Segment Start: GIVEN DATA

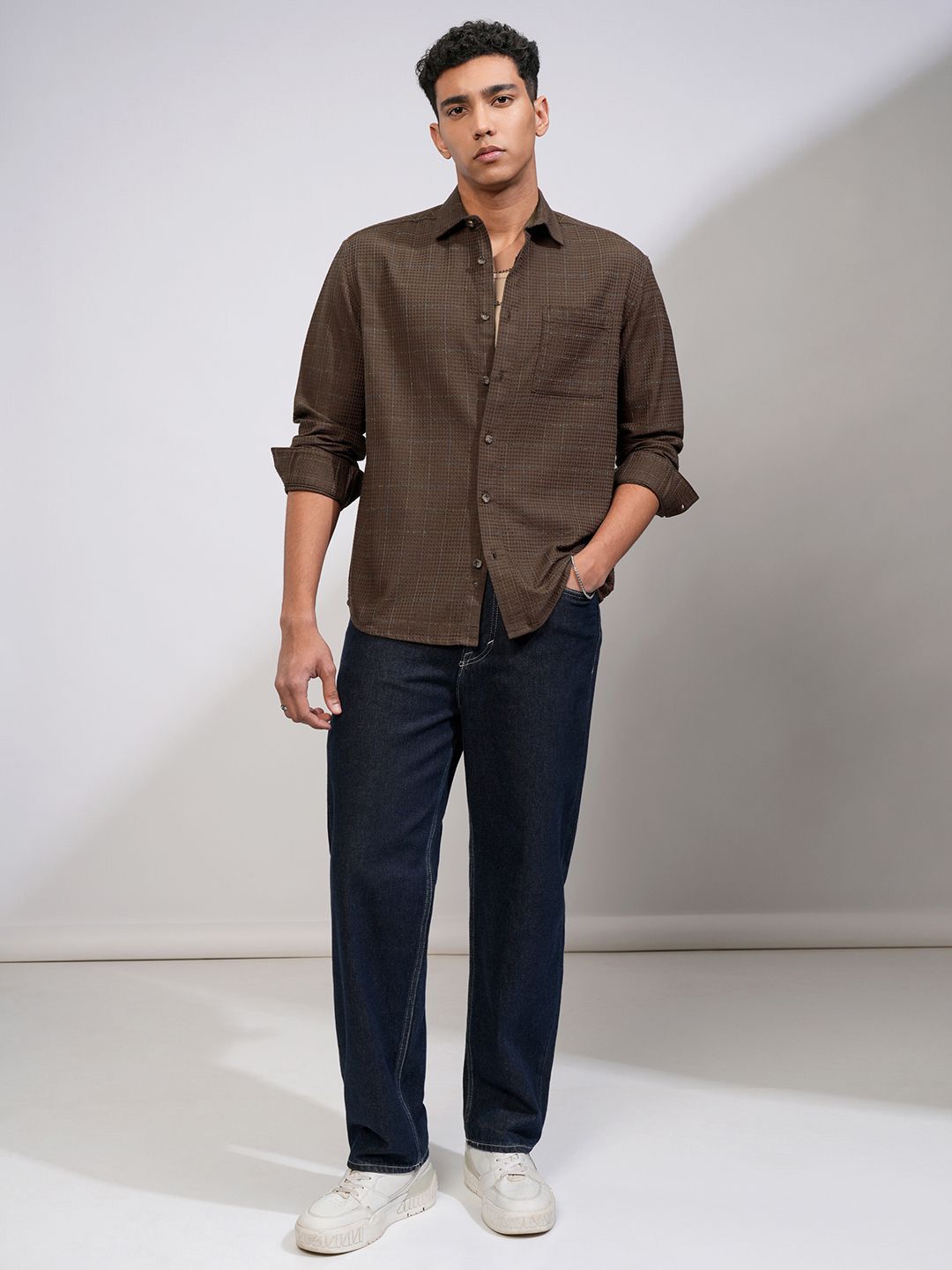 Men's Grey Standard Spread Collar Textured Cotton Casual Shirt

Segment End: GIVEN DATA
Segment Start: GIVEN DATA

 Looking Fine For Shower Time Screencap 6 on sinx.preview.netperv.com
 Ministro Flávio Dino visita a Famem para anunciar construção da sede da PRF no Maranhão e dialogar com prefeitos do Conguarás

Segment End: GIVEN DATA

■ YOUR ASSIGNMENT ■
Taking the lines above, repeat exactly those from the line that contains "Looking Fine For" through the line that contains "Ministro Flávio Dino", and both of those lines as well. Include nothing else.

■ WRITTEN RESPONSE ■
 Looking Fine For Shower Time Screencap 6 on sinx.preview.netperv.com
 Ministro Flávio Dino visita a Famem para anunciar construção da sede da PRF no Maranhão e dialogar com prefeitos do Conguarás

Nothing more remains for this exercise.